QantasLink covers the regional network. Sunstate Airlines crew are based in Brisbane and Cairns. Eastern Australian Airlines crew work out of Sydney, Melbourne, and Adelaide. Network Aviation crew are in Perth and fly mostly within Western Australia, with some expansion to Hobart, Newcastle, Darwin, and Christmas Island.
Jetconnect is based in Auckland and Wellington, operating trans-Tasman routes on B737 aircraft. Long-haul cabin crew, based in Auckland, fly across the Qantas network within Australia and to major international destinations including New York, Los Angeles, Singapore, Hong Kong, and Johannesburg.
There is also Qantas Cabin Crew UK, based in London, for those wanting to work from there.
The point is this: “a Qantas job” means different things depending on where you live and what you want to fly. Check which division is recruiting before you apply.
What Qantas Requires
The basics are non-negotiable.
You must be at least 18 years old. You need Australian citizenship or permanent residency (or the right to work without restriction for UK roles). You need a valid passport with no travel restrictions.
The physical requirements are specific. Qantas requires candidates to reach 212 centimetres from the ground using their fingertips. This is about accessing overhead emergency equipment. Your arm span needs to be at least 127 centimetres between knuckles. That replicates the reach needed for emergency door handles.
You must be able to swim 50 metres fully clothed and tread water for 3 minutes unassisted. This is tested. It is not optional.
You need strong English communication skills, both written and verbal. A current First Aid and CPR certificate helps. Qantas also expects demonstrable customer service experience, ideally in a premium or high-pressure service environment.
The Application Process
The process has several stages. Know what they are before you start.

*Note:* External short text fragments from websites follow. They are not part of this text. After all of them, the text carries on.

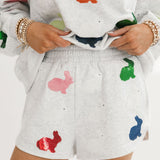 Grey Multi Bunny Sweatshirt | Queen Of Sparkles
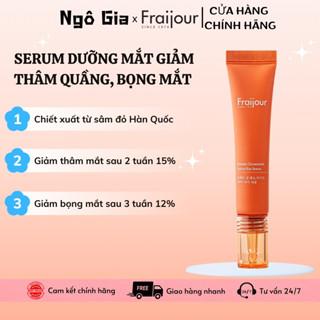  Serum Dưỡng Mắt Sâm Đỏ Giảm Thâm Quầng Bọng Mắt RED Ginseng Fraijour Alchemia Ginsenoside Contour Eye Serum 25 ml 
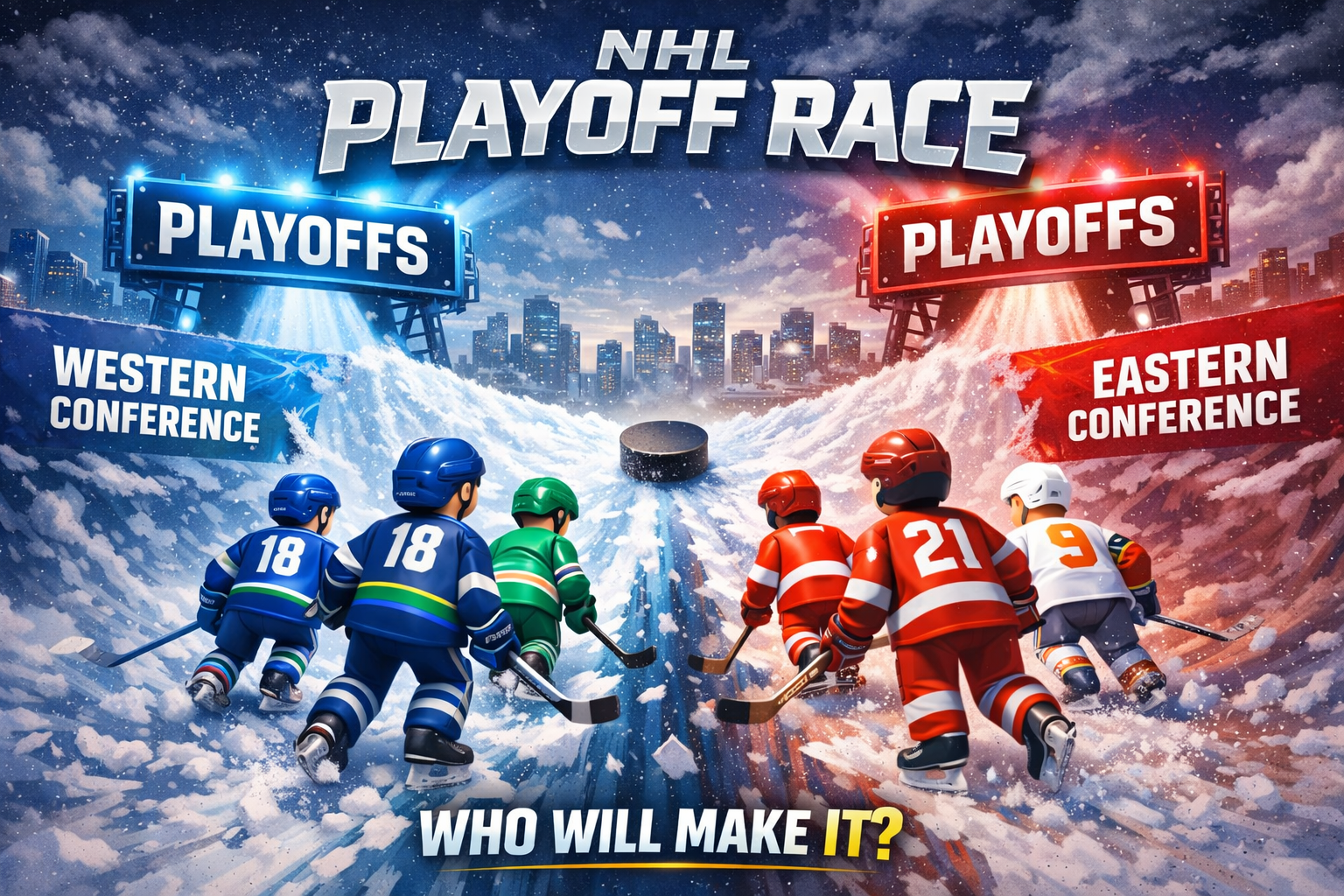 #657 NHL DeBoer für Roy – Playoffrennen in West und Ost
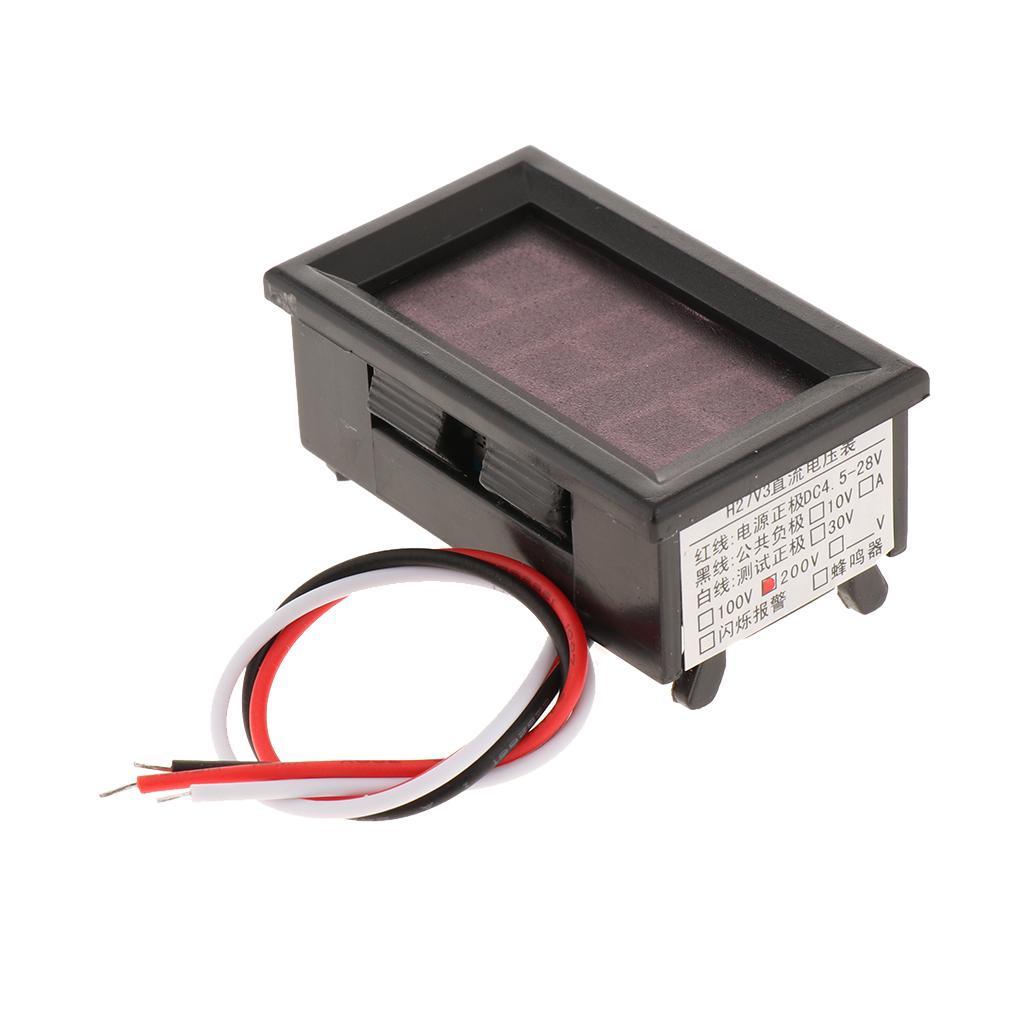 H27 LED Digital Voltage Meter Super 100V Voltmeter LCD Voltage Meter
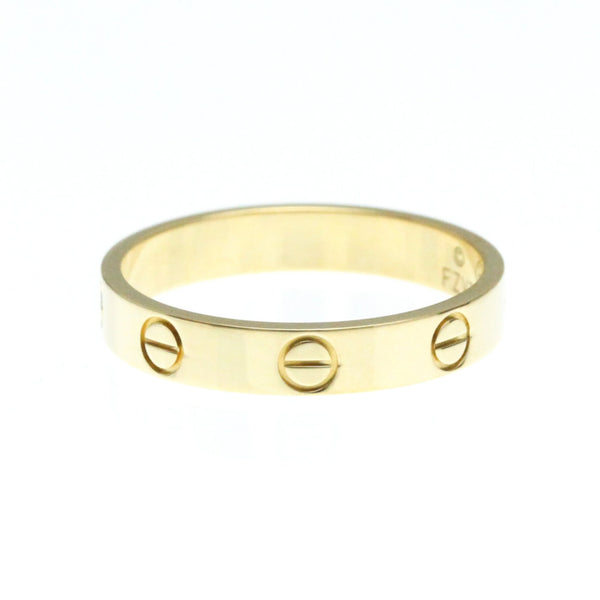 Cartier // 18k Yellow Gold Mini Love Ring // Ring Size: 7.5 // Store Display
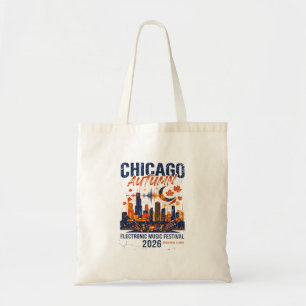 Chicago Autumn Electronic Music Festival 2026 Tote Bag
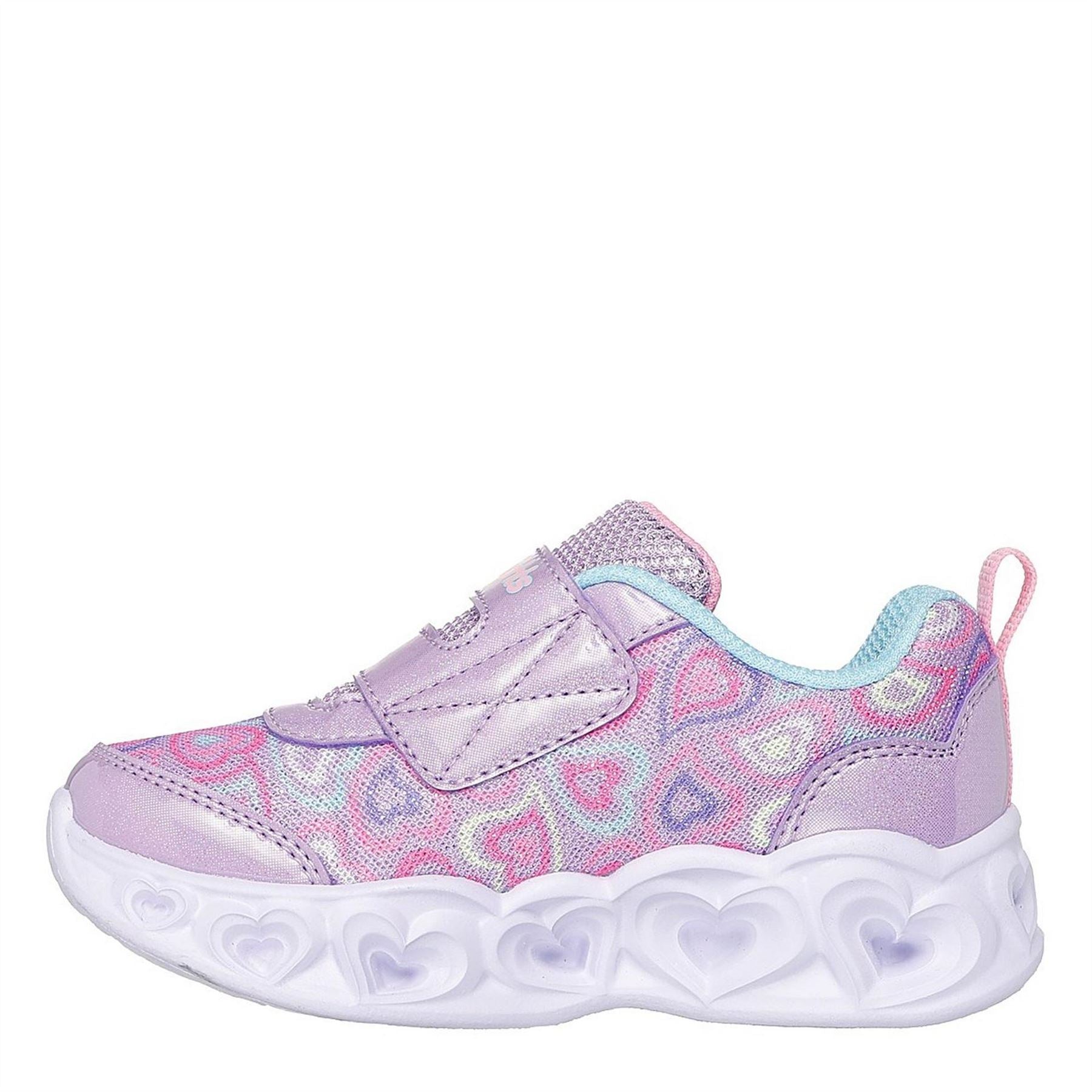 Skechers Heart Lights   Boogie Land Light Up Trainers Girls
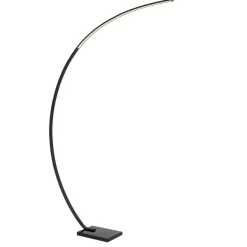 Vloerlampen<Lucide Booglamp Curve Zwart - LED - 192 cm hoog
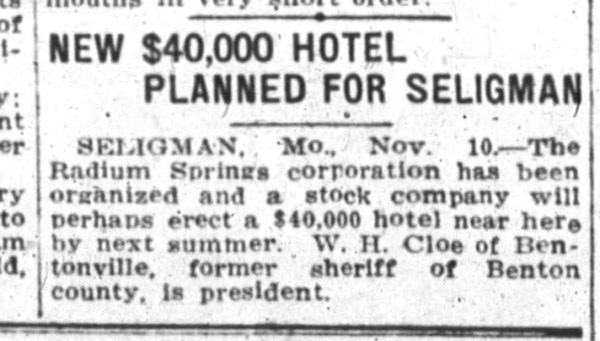 Radium Springs Hotel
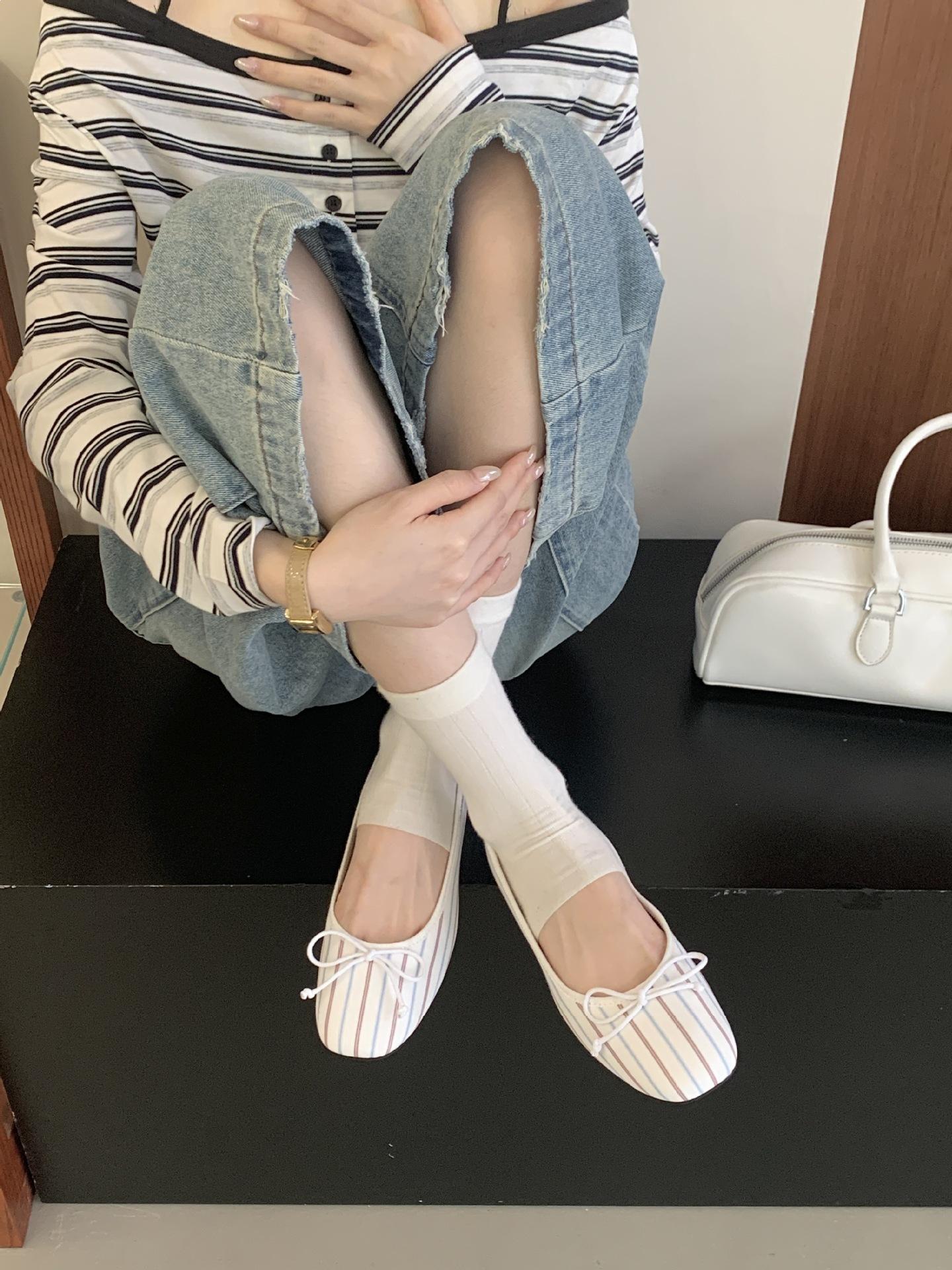 

Inner Heightening Single Shoes Women S French Small Fragrant Style Low Heel Mary Jane Shoes Soft-Soled Grandma Shoes 35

Step 1: Online application. You apply through the Qantas Careers website. This includes a questionnaire and often an online video interview that you complete in your own time.
Step 2: Shortlisting. Qantas reviews applications and selects candidates for the next stage. Not everyone progresses. A clean, specific application matters here.
Step 3: Assessment day. This is where it gets real. The day includes a one-on-one behavioural interview, a group activity, a written comprehension assessment, and the height and reach test. You will be observed the entire time, not just during the formal interview.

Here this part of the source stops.